An Apprentice at the Millinery Shop

Draping, cutting, sewing, and trim: these are the hallmarks of the milliner and mantua-maker’s craft. Apprentice Sarah Woodyard is near completion of her apprenticeship, and at the threshold of attaining journeywoman status.

Learn more: The Milliner

Transcript

Untitled Document

Harmony Hunter: Hi, welcome to the podcast. I’m Harmony Hunter. Joining the ranks of the tradespeople who populate the workshops that line the Historic Area is a rare honor. Few artisans can say they have learned by the side of a master and practiced their trade in true historic fashion with period tools and techniques.

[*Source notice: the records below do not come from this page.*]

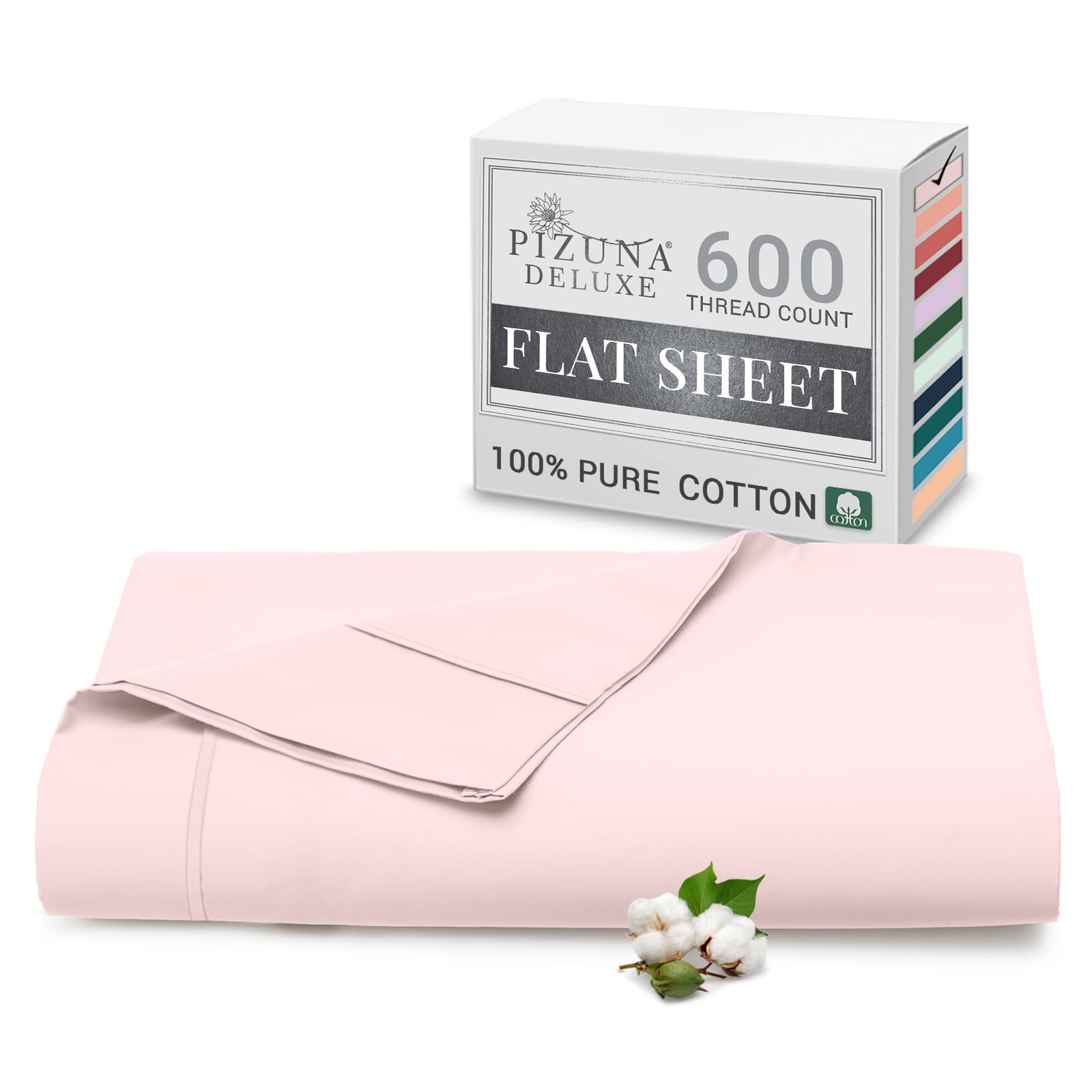 Pizuna Pure Combed Cotton Double Flat Sheet Light Pink, 600 Thread Count Long Staple Brushed Cotton Flat Sheets Double, Cool Sateen Weave Flat Sheet Double Bed (Cotton Flat Sheet Double 1 PC)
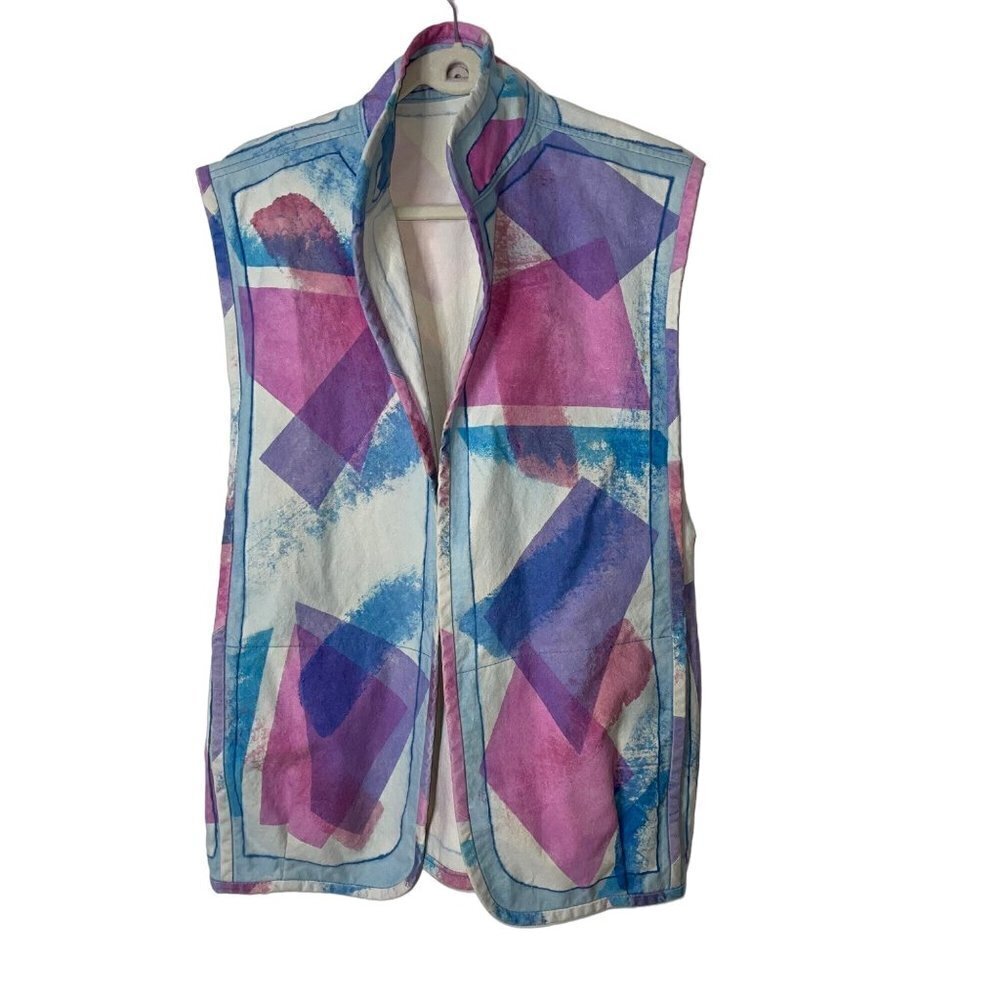 Vintage 1980s Womens Vest Size Large Custom Made Heavy Cotton Colorblock Signed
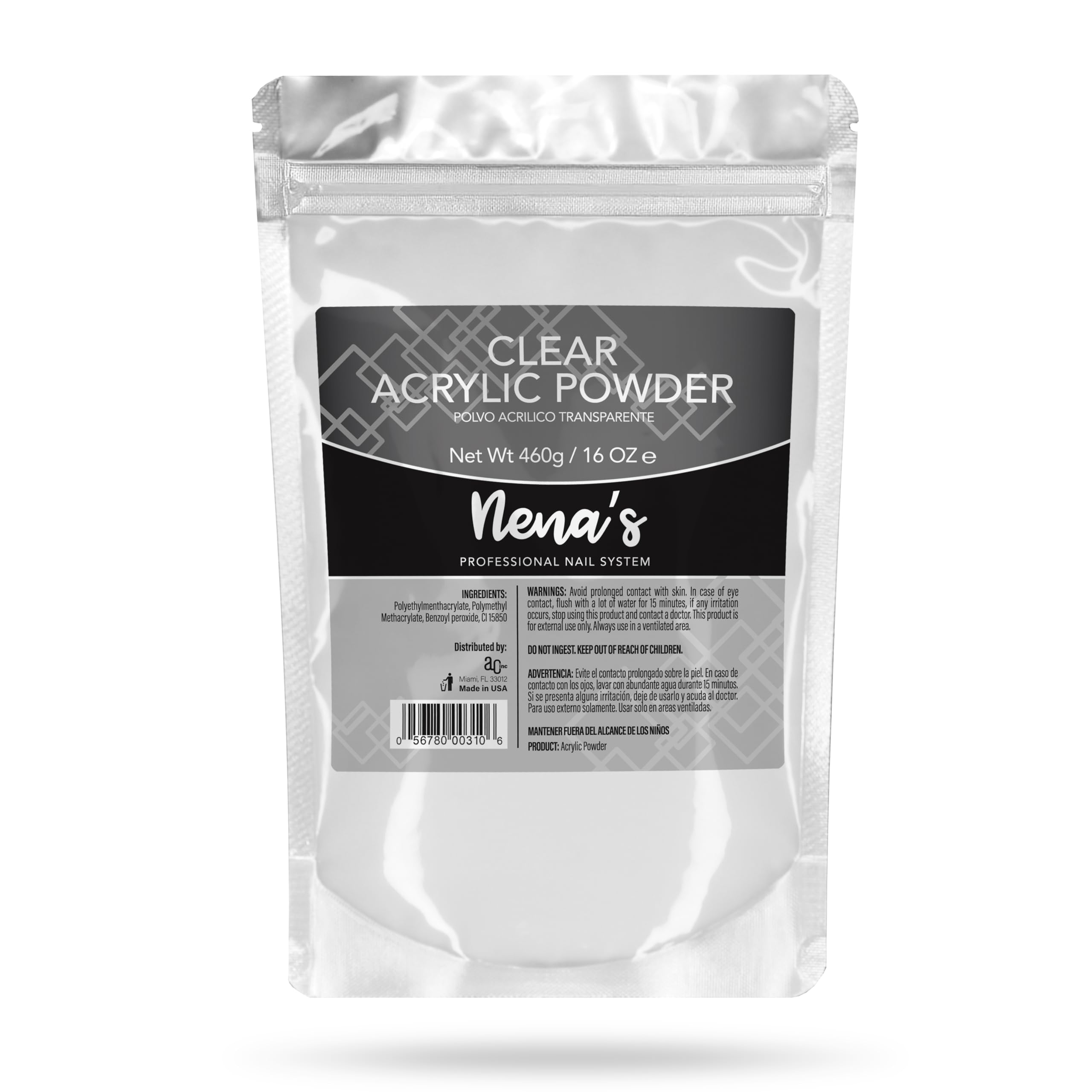 Nena's Sculpting Powder clear bottle shows crystal-clear finish for seamless nails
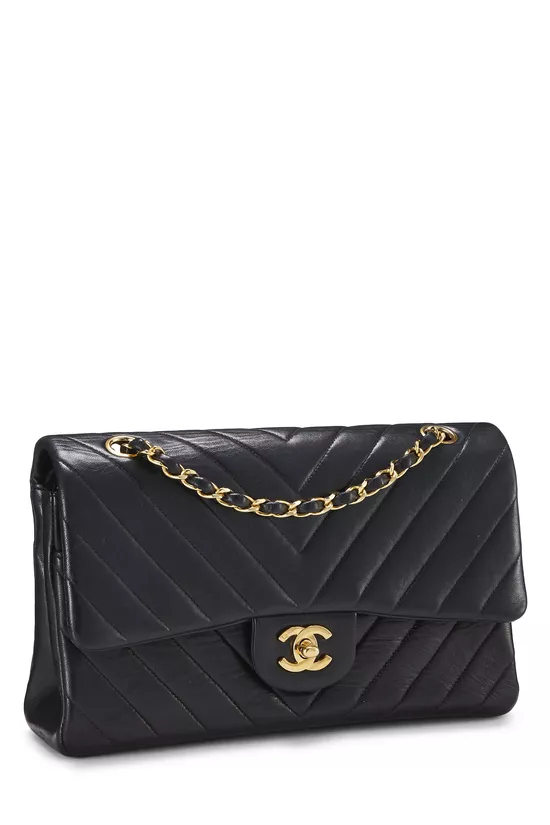 Black Chevron Lambskin Classic Double Flap Medium, , large image number 1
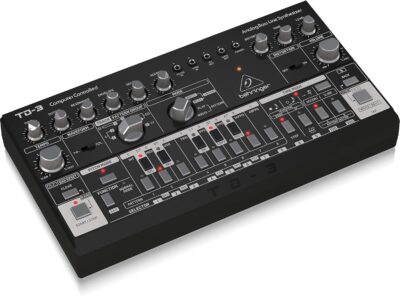 81xLoxp1MYL. AC SL1500 Behringer TD-3-BK Analog Bass Line Synthesizer with VCO, VCF, 16-Step Sequencer, Distortion Effects and 16-Voice Poly Chain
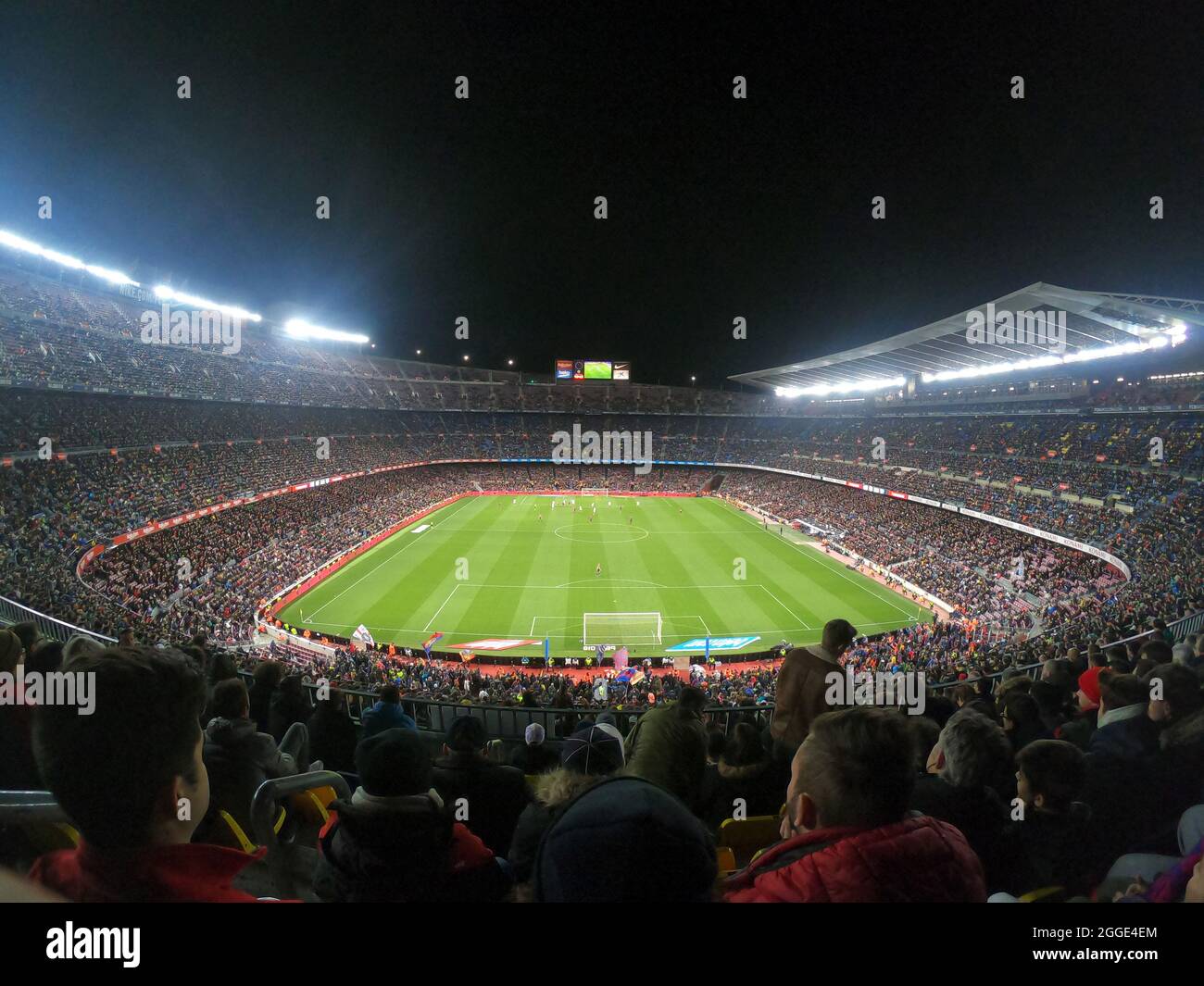 Camp Nou avec des fans, football Blub Barcelona Stadium, Barcelone, Espagne Banque D'Images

Sarah Woodyard is our guest today, and she is one of those happy few who call the 18th century home. She is just wrapping up her apprenticeship in the Margareet Hunter shop, and she’s stopped in today to tell us about learning to be a Milliner and Mantua maker in the 18th century. Sarah, thank you for being here today.

Sarah Woodyard: Thank you for having me.

Harmony: Well you are finishing up an apprenticeship.How would the outlines of an apprenticeship at the Milliner and  Mantua maker have looked in the 18th century?

Sarah: I think initially you bring on a young girl who already knows how to sew and so she’s already a seamstress who works well with her needle as the trade guides describe. So she would initially be starting in the shop being handed probably basic items to sew.

For example, with gown making long seams would be a great thing for an apprentice to start out with, sewing hems. Then eventually building up her knowledge and skill of the more complicated, say shapes, of cutting a gown that fits the body, or say for example, for millenary we make up all the articles of the wardrobe so learning how to cut out a cap or aprons or cloaks or neck stocks and wig bags, again, without using any kind of template, but really training her eye and honing the visual understanding of those garments.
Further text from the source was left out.